Australia captain Aaron Finch admitted his team were outclassed as England booked their final date with New Zealand at Lord’s.
Finch won the toss and decided to bat at Edgbaston - and that was arguably the moment of the day for the five-time world champions.
His opening partnerships with David Warner have laid the foundation to Australia’s progress to the semi-finals of the ICC Men’s Cricket World Cup but this was a day to forget.
Between them they mustered just nine as the pace attack of man of the match Chris Woakes and Jofra Archer had them reeling at 14/3.
“Those first ten overs changed the game, the damage was done with the ball,” said Finch, who was rattled out for a duck by Archer's first delivery.
“You can try to analyse the game as much as you want but we were totally outplayed.
“Chris Woakes is a world-class bowler and Archer is just getting better and better the more international cricket he plays. It was tough conditions and they just bowled really well.
“I think we’ve made lots of progress as a team in the last 12 months and I’m proud of how far they’ve come. However, we came here to win and I’m just disappointed with how it ended, putting up probably our worst performance of the entire tournament in the semi-final.
“We came in with lots of confidence, we felt our preparation and momentum was really good.”
Finch paid credit to the fourth-wicket partnership of Steve Smith and Alex Carey for at least giving his bowlers a target to work with, as Australia managed to score 223 from 49 overs.
But he admitted it was hard to be competitive when England openers Jason Roy and Jonny Bairstow started their chase in a blaze of boundaries.
“Steve and Alex dragged us back into the game but we knew they’d come out aggressive with the bat and they just got on top of us straight away,” he added. “When Jason is playing like that he can be so damaging to the opposition.”
Australia’s attentions will now turn to the forthcoming Ashes, with a match between their possibles and probables the next focus before the Test team is finalised, ahead of the series opener back here in Birmingham.
And Finch admits Sunday’s final - which will see a new team engraved on the trophy - is difficult to call, while also looking ahead to 2023.
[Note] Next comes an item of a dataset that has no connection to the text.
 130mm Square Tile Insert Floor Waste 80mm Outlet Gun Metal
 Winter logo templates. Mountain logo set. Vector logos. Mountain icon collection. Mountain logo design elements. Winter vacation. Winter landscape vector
“It’ll be a hell of a game between two teams that love to fight and scrap,” he added. “New Zealand are never out of the contention and England play a high-energy and high-risk game.
“After you finish a World Cup you’ve always got one eye on the next one. We’ll sit down and start planning and talking and thinking about how we can improve in the next four years to go two steps further.
“There are always areas to identify where you need some work done. We’ll get on the same page and pull in the same direction.”